KONTEKS.CO.ID – Mengantisipasi situasi global yang penuh ketidak pastian, krisis global dan ancaman stagflasi, ada beberapa hal yang dapat dilakukan oleh Indonesia. Demikian diungkapkan ekonom Rizal Ramli dalam sebuah acara di radio.
Pertama, mengganti strategi ekonomi. Shifting dari investasi spekulatif seperti pasar obligasi dengan investasi langsung seperti di infrastruktur atau industri lainnya yang juga akan menciptakan lapangan kerja. “Investasi langsung tidak membuat kita mengalami capital outflow. Karena investor yang menanamkan modalnya langsung tersebut pasti akan berpikir seribu kali jika memindahkan pabriknya,” paparnya.

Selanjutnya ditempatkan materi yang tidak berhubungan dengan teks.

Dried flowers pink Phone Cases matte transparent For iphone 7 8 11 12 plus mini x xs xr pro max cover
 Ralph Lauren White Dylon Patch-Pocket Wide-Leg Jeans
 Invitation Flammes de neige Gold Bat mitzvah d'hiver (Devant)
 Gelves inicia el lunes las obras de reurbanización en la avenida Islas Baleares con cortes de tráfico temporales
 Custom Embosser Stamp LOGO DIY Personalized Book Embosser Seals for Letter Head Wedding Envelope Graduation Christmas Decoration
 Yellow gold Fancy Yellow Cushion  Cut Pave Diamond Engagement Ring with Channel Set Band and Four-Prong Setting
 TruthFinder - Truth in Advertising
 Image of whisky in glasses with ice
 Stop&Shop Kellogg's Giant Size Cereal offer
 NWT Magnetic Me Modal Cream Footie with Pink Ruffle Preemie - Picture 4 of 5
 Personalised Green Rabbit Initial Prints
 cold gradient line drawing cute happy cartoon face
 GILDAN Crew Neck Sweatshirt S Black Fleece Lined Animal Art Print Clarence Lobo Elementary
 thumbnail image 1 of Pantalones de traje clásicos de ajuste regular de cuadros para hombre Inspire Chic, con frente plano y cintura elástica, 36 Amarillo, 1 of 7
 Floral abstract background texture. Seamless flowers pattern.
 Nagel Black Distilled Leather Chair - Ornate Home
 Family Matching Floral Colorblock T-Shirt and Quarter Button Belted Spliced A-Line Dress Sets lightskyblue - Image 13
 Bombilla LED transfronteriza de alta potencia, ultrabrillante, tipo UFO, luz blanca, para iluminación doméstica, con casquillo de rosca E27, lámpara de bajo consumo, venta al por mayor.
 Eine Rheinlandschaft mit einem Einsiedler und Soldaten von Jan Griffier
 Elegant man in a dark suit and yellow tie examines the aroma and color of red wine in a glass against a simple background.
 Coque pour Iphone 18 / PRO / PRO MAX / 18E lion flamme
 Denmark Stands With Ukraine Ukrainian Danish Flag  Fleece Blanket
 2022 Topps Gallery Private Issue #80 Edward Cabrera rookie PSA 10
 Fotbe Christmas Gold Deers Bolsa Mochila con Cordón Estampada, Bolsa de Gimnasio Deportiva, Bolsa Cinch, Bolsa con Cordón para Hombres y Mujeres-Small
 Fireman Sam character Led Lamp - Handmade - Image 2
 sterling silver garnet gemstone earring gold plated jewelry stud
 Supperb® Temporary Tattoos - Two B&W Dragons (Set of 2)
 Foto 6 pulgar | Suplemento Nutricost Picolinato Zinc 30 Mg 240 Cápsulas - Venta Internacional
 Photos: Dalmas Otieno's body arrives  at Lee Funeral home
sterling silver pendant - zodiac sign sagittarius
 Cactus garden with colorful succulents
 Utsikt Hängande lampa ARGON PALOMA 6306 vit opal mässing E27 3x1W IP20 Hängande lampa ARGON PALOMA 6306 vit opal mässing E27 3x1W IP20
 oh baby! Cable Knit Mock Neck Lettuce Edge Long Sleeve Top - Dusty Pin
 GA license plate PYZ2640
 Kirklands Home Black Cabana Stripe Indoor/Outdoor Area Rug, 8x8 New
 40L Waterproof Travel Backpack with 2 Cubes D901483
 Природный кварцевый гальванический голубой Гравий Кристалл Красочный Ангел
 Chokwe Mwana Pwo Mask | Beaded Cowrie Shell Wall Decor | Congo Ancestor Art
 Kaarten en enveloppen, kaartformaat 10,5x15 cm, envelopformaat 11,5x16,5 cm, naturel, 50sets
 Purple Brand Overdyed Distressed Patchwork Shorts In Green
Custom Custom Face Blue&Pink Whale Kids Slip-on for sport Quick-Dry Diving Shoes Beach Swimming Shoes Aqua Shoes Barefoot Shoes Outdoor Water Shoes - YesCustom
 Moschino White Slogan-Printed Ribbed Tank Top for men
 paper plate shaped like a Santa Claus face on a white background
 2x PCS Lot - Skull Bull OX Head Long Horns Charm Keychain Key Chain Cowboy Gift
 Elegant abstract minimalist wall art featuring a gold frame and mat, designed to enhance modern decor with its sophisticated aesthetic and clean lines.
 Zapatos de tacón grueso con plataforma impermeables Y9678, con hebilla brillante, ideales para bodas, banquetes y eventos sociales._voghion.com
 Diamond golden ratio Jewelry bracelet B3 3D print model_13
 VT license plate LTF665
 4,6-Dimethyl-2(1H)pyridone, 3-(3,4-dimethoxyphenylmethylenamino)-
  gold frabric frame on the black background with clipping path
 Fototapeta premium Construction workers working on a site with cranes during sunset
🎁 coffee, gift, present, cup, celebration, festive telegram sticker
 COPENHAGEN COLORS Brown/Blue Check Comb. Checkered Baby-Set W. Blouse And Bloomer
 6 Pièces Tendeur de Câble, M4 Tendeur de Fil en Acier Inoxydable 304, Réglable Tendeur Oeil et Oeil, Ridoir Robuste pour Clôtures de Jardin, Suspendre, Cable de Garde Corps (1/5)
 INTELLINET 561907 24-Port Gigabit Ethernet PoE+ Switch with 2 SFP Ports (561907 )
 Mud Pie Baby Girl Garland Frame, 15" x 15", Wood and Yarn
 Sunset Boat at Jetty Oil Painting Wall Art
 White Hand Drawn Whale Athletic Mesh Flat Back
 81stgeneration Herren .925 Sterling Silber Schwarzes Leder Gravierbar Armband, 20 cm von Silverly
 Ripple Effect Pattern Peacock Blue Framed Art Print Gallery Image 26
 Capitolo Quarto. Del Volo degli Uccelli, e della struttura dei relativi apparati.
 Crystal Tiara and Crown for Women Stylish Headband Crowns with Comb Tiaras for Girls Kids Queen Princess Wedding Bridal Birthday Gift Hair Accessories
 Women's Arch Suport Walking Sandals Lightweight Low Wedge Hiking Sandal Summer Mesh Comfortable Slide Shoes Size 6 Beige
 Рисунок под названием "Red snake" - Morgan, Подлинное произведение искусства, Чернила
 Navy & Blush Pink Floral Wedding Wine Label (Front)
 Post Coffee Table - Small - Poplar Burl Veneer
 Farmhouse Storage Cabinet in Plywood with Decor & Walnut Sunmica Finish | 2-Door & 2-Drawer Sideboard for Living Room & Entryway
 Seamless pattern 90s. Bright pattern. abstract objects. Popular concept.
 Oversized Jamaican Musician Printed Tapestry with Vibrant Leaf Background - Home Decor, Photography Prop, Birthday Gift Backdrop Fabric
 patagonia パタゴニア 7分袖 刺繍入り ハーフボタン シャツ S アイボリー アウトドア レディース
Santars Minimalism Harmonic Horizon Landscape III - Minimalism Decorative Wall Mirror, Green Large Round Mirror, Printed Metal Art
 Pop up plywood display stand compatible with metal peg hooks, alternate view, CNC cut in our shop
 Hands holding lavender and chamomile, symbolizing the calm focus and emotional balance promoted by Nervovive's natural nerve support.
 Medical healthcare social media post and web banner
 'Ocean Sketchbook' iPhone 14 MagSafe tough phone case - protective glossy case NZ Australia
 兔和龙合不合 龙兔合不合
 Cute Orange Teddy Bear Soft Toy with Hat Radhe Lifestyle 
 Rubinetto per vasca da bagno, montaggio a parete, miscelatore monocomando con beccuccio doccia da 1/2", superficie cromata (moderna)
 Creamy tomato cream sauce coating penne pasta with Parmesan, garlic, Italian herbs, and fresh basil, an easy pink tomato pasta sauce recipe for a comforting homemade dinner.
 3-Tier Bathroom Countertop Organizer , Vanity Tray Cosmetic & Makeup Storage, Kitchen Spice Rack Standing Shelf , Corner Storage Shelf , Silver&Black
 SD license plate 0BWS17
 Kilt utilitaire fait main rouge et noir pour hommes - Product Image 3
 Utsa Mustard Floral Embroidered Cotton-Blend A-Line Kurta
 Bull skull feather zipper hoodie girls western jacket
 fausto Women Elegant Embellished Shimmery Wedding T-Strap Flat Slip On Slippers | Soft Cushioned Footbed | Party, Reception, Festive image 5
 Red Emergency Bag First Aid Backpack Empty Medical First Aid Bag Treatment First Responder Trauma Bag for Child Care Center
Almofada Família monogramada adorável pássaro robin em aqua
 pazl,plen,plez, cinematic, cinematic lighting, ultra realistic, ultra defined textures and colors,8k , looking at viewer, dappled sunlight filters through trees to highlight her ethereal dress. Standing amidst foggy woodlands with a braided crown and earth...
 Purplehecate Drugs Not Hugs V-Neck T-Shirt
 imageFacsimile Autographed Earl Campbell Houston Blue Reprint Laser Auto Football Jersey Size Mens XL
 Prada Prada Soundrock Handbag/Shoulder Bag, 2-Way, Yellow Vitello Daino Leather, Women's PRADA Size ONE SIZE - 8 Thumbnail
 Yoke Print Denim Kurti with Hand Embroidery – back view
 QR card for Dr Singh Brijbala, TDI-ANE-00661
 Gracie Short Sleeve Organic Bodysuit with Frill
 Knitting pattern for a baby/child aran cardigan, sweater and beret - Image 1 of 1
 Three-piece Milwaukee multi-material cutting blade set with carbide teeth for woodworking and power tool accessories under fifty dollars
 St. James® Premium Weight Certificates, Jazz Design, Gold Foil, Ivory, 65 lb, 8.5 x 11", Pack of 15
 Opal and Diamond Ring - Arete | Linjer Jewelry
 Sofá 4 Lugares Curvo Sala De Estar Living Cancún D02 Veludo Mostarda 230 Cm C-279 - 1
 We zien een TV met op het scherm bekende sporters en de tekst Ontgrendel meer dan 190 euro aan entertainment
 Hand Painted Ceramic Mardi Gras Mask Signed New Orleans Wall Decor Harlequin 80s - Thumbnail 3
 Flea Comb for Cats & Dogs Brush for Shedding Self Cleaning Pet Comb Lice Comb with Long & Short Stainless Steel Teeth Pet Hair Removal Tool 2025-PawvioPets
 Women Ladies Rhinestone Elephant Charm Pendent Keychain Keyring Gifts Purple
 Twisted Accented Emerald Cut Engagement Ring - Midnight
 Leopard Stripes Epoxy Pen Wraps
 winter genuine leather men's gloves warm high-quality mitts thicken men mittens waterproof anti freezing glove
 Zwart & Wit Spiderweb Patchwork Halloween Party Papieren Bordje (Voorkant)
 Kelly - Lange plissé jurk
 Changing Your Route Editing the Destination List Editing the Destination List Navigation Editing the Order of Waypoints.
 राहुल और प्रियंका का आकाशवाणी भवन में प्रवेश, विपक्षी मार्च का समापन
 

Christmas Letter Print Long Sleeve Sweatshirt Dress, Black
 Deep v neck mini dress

Kedua, tata kelola keuangan harus diperbaiki, seperti pengereman utang luar negeri dan efisiensi anggaran. Menurutnya pembangunan ekonomi Indonesia saat ini fokus pada utang luar negeri, hal ini membuat pertumbuhan ekonomi dalam bahaya.
Mantan Menko Maritim ini mengatakan terlalu banyak mengandalkan utang luar negeri membuat APBN tidak dalam kondisi sehat yang mengakibatkan mata uang rupiah alami kemerosotan. Faktor lain yang turut memengaruhi adalah alokasi anggaran terhadap hal hal yang tidak perlu dimasa sekarang.
Rizal Ramli mengingatkan pemerintah bahaya andalkan investasi spekulatif, karenaa dana tersebut bisa sewaktu waktu ditarik atau dikurangi. “Saat ini pemerintah menarik sebanyak mungkin uang spekulatif, investasi tak langsung di pasar modal. Karena itu, uangnya juga seketika ditarik ketika terjadi gejolak ekonomi internasional,” ujarnya.
Ia menambahkan, untuk menjadi negara maju seperti Jepang, pertumbuhan ekonomi kita harus tumbuh diatas 10 persen, “kita sulit mencapai angka itu karena pertumbuhan kita direm oleh utang luar negeri yang semakin meningkat.”
Mantan Menko Perekonomian era Gus Dur ini mencontohkan beberapa negara seperti Vietnam dan Filipina yang tidak memiliki komoditi namun ekonominya bisa tumbuh jauh diatas Indonesia.
Pertumbuhan ekonomi Indonesia pada kuartal II tahun 2022 berada di angka 5,4 persen. Sedangkan ekonomi Vietnam pada kuartal II-2022 tumbuh 7,72% dan Vietnam merupakan pusat manufaktur regional. Adapun Filipina mencatatkan pertumbuhan ekonomi sebesar 7,4% yang ditopang oleh peningkatan investasi dan belanja pemerintah. Sementara konsumsi rumah tangga cenderung melemah. “Indonesia yang memiliki komoditi hanya bisa tumbuh 5,5 persen. Padahal seharusnya bisa jauh lebih tinggi dari itu,” tutup Rizal Ramli. ***
Baca berita pilihan konteks.co.id lainnya di "Google News"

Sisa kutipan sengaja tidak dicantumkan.